BOP 50 of the '80s: Selections 40-36
"Shall We Play A Game?"
There are films and there are movies and then are those pictures committed to celluloid that perfectly capture at a particular moment the angst of the population as a whole. In case anyone reading this forgot (or was too young to remember) 1983's WarGames not only captured our collective Cold War fears, it also predicted the new century's hacking society.
Let me take a moment to send a "Heartfelt Message" (Box Office Prophets TM Pending) to all the young, adorable computer hackers reading this. If a strange computer asks you to play a game, YOU CHOOSE "CHESS" NOT "GLOBAL THERMONUCLEAR WAR!!!"
But I digress... Matthew Broderick plays David Lightman in this story of analog computer hacker (click here for an ARPANET Internet history lesson) stumbling across a military computer programmed with a sophisticated artificial intelligence program designed to control and predict the United Stats of America's nuclear defenses circa 1983. Not only that, it's apparently wired straight into the system.
Part parable, part "What If?", WarGames proposes a (currently) not-so-improbable future where one teenager controls the future of our society. (If he'd only chosen "CHESS"!)
On its surface, it's just another cold war fear-mongering movie, but on second look it captured our collective fears and also had the clarity to see what our world could become. It also set Mr. Broderick up for a long and very distinguished career. (Matt Kinney/BOP)
39) The Killer
With director John Woo on a long roll of horrible Hollywood action movies (now seemingly about to be extended into the Tinseltown gutter with an utterly unnecessary live He-Man flick), it might be hard to imagine that at one point in his career this Chang Cheh protégé was one of the world's great genre directors. His unquestioned late '80s masterpiece is The Killer, a modern day wu xia pian wherein the combatants ply guns instead of swords. Chow Yun-fat stars as a hit man who is being hunted by cop Danny Lee, but along the way his weapon accidentally blinds a young nightclub singer (Sally Yeh). Feeling guilty for this maiming, the assassin takes on work so that he can help pay for an operation to regain the woman's' sight -- though he never admits to her that it was he who caused the condition. What it all culminates in is a massive and gorgeous shootout in a dove and candle-filled church, an astonishing set piece that actually deserves the clichéd moniker "ballet with bullets". One of the best films to come out of Hong Kong during its decade of renaissance, The Killer undoubtedly represents the artistic apex in director John Woo's career; he's made plenty of movies (and lots of money!) since, but he's never even come close to showing the sort of cinematic genius on display here ever again. (Chris Hyde/BOP)
38) The Shining
In many ways, Stanley Kubrick's The Shining still lingers with me as possibly the scariest movie I've ever seen. Although I ultimately place a few other films higher on my list of best horror flicks, this one certainly has a spot among the best of the best. Jack Nicholson's chilling portrayal of a man descending into madness left a lasting impression that has pervaded since I saw the film in my early teenage years on HBO. The brutal murder of the Scatman Crothers character was a visceral and thoroughly impacting experience, and the downbeat ending was probably the first of its kind I ever experienced in film. The isolationist theme that dominates the story makes for a fascinating (and terrifying) psychological study. It also bears noting that this film finished at the #1 spot of our Favorite Horror Films a couple of years ago. (Kim Hollis/BOP)
37) The Right Stuff
I don't want to exaggerate here, so let me choose my words carefully: The Right Stuff is the greatest American epic, ever. Yeah, that seems about right. The film chronicles the origins of the US space program, from the breaking of the sound barrier through the completion of the Mercury program. Those were heady days in this country, as the lingering industrial boost from WWII ran headlong into the developing computer age. Anything was achievable.
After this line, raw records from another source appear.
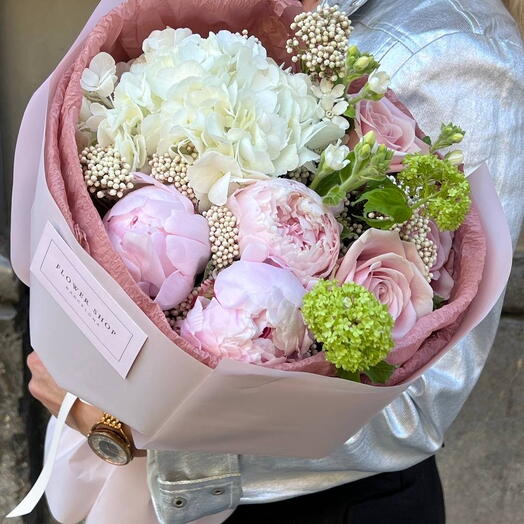 Soft Kiss Peonies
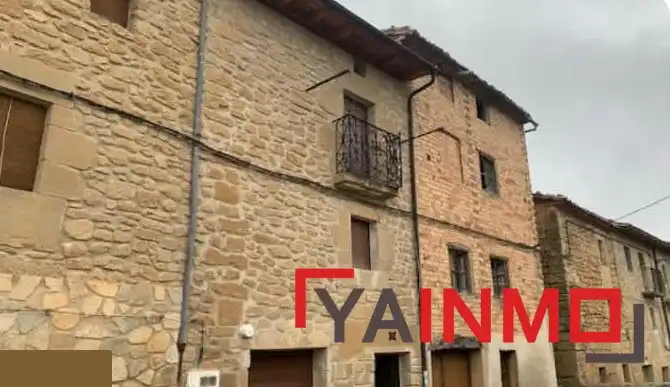 Vista exterior de Casa adosada en venta en Aguilar de Codés, Navarra
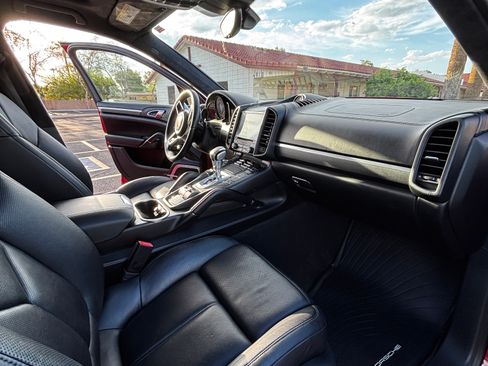 Used 2017 Porsche Cayenne GTS AWD/4WD image 8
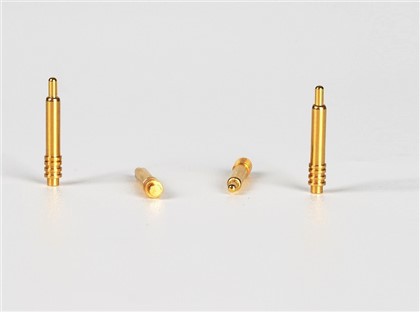 Tavasszal töltött aranyozott Pogo Pins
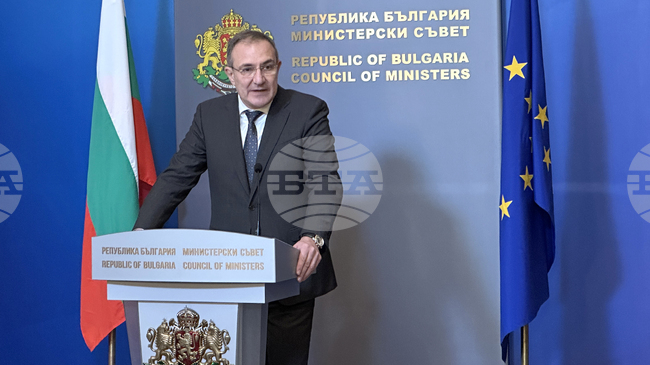 Близо 25 млн. лв. осигурява правителството в оставка за услугата "Топъл обяд" за 67 000 души, съобщи министър Борислав Гуцанов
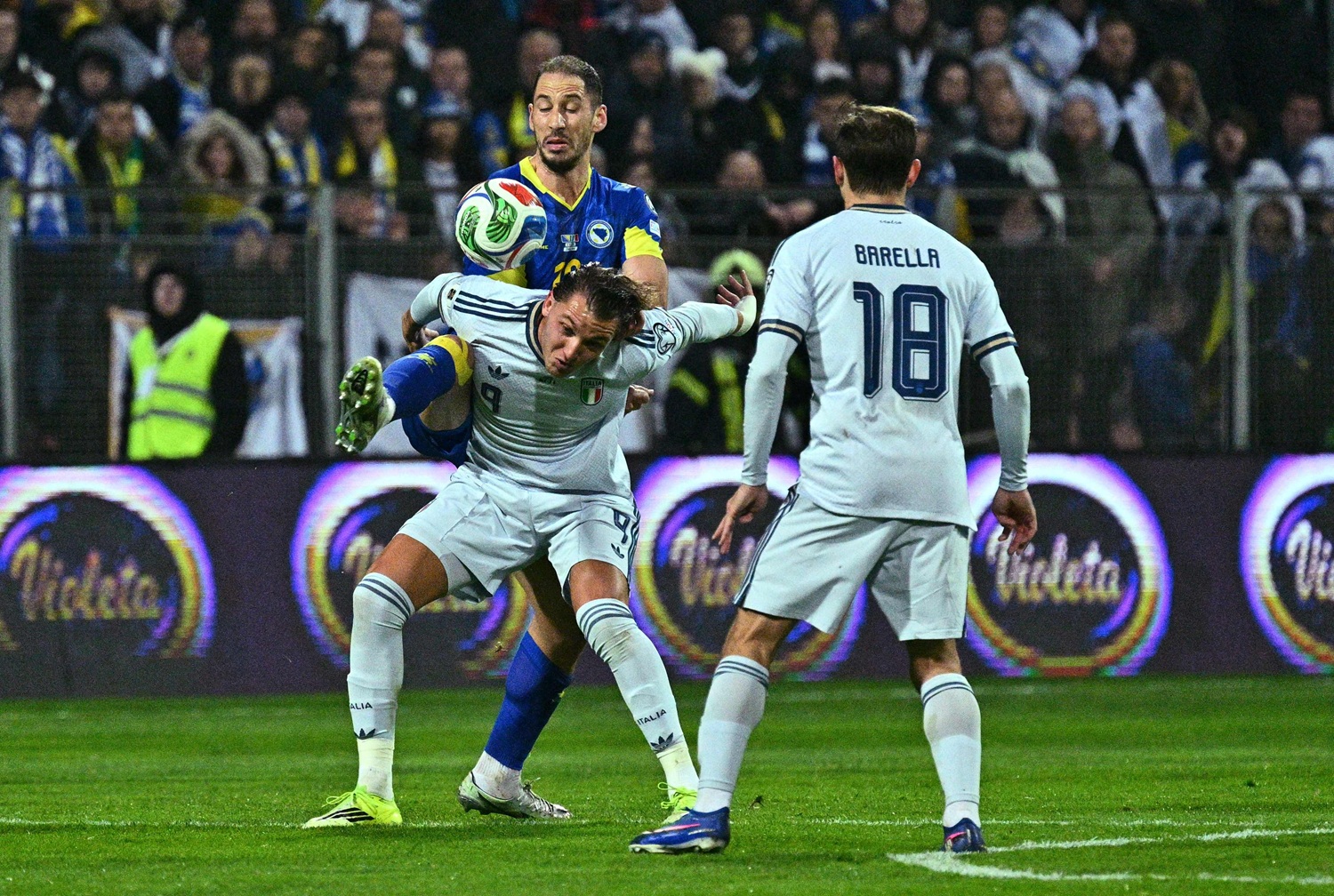 UŽIVO Talijani poveli nakon poklona vratara BiH: Zmajevi od 41. minute imaju igrača više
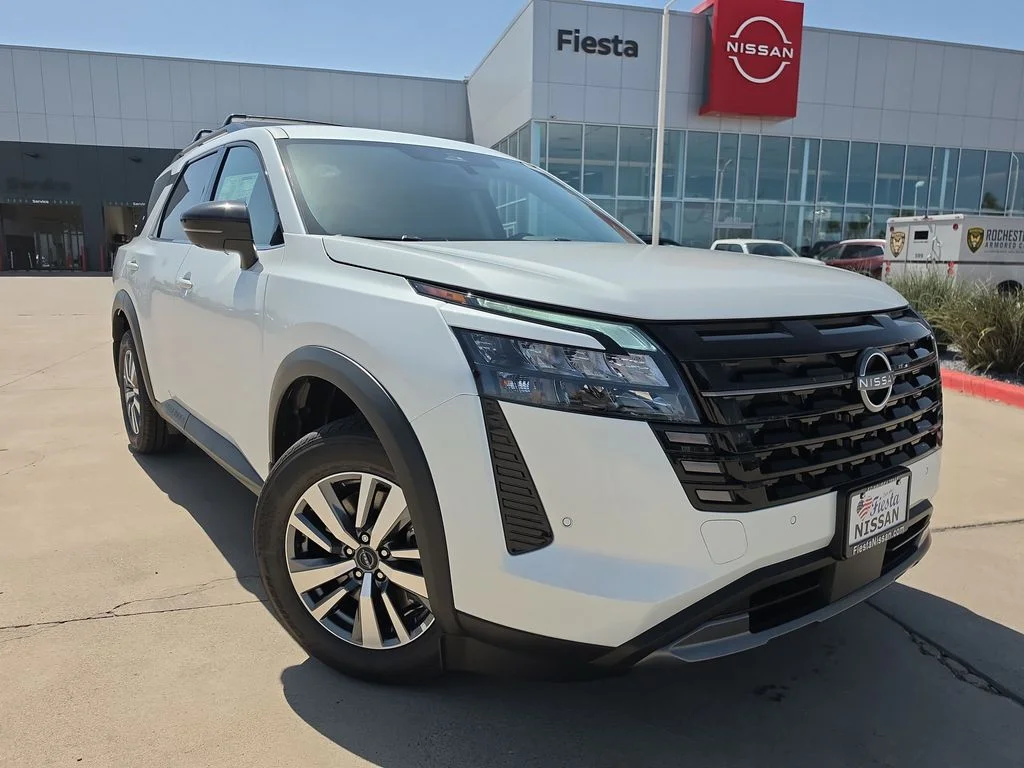 New 2026 Everest White Pearl TriCoat Nissan SL image 1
And so, certainly, The Right Stuff works as a proxy history lesson for the lazy. But along the way, the audience is treated to outstanding drama, acting, visuals, and score. Everything about The Right Stuff says, "this is a big, important movie, so take notice!" Yet at the same time it manages to avoid preciousness and pretension - qualities that hurt other candidates for the title - Pearl Harbor, Titanic, Malcom X, and Apollo 13 come to mind.
The themes of Tom Wolfe's excellent novel are capably translated to the screen by writer and director Philip Kaufman: Cold war paranoia; male comradery; youth is served; America's cultural shift from substance to style; most of all the exhilaration and chaos that come from doing something that has never been done before.
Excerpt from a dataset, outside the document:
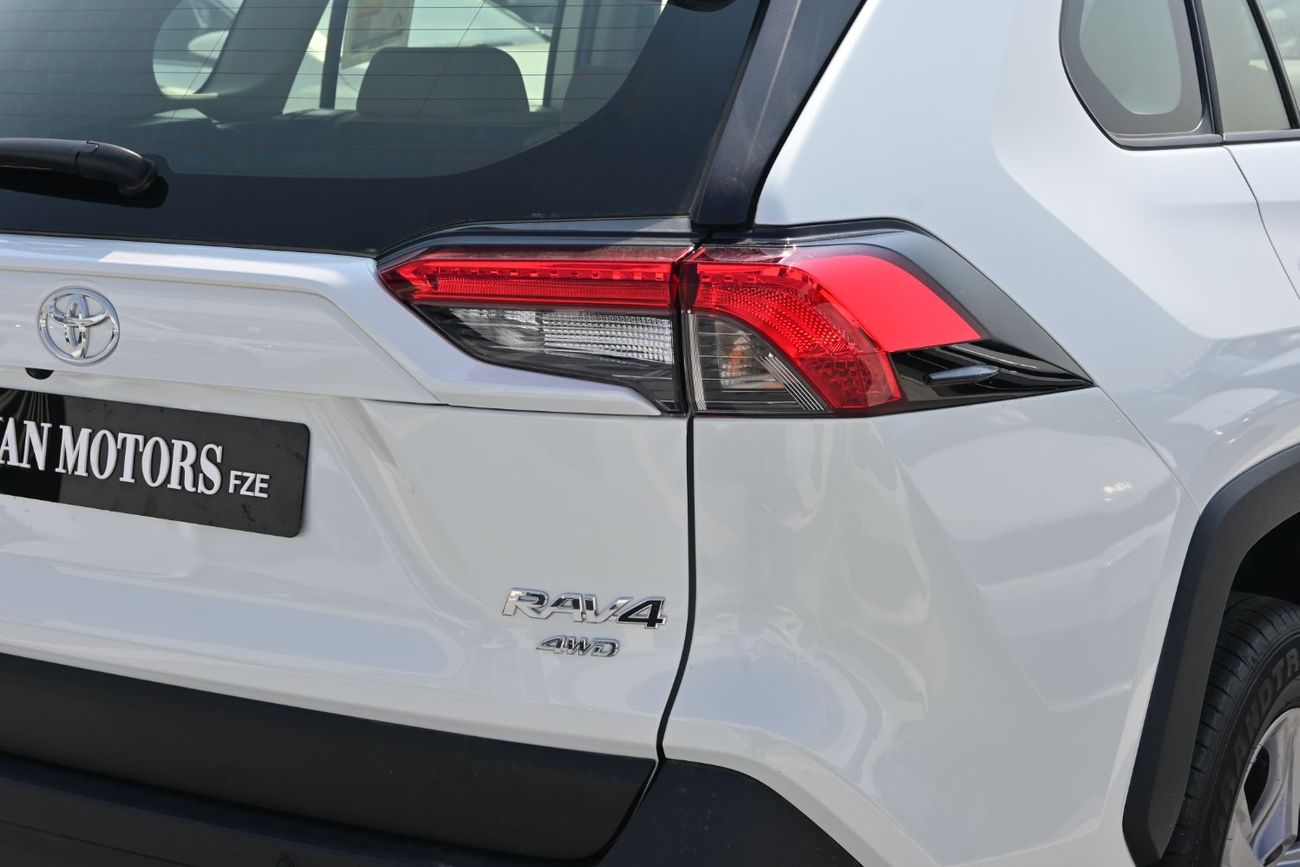 Toyota RAV4 Toyota Rav4 LE STD 2.0L CVT Petrol AWD, GCC, Model 2025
The Right Stuff was nominated for eight Academy Awards and won four, in minor categories. It lost a Best Picture Oscar to Terms of Endearment. (Calvin Trager/BOP)
Akira Kurosawa directed many great films during his illustrious career, but it was supposedly this one that he considered to be the best. Whether that is the case or not is of course ultimately up to the viewer, but there's little doubt that this loose translation of King Lear does in fact rank right up there with the filmmaker's most spectacular works. Moving the action of Shakespeare's play to pre-Tokugawa Japan, Kurosawa tells in grand style the tale of an aging warlord's attempt to divide his properties among his three children. Ran is filled both with strikingly choreographed battle scenes and smaller, more intimate moments that demonstrate the masterful range of Kurosawa's awesome directorial skill. A caveat, however: though many movies are easily watched on the small screen without losing a lot, this is certainly not the case for this one. To experience Ran in the way it was intended simply requires the oversize grandeur of the silver screen, as shrinking the power of the horse and flag laden scenes of conflict lessens its power dramatically. Since for most viewers these days the repertory cinema choices are scant, it may be that the only choice one has to see this gigantic epic is in fact the home theater - just be forewarned that though it's still a passable way to see this one, the minimization will lessen its impact. (Chris Hyde/BOP)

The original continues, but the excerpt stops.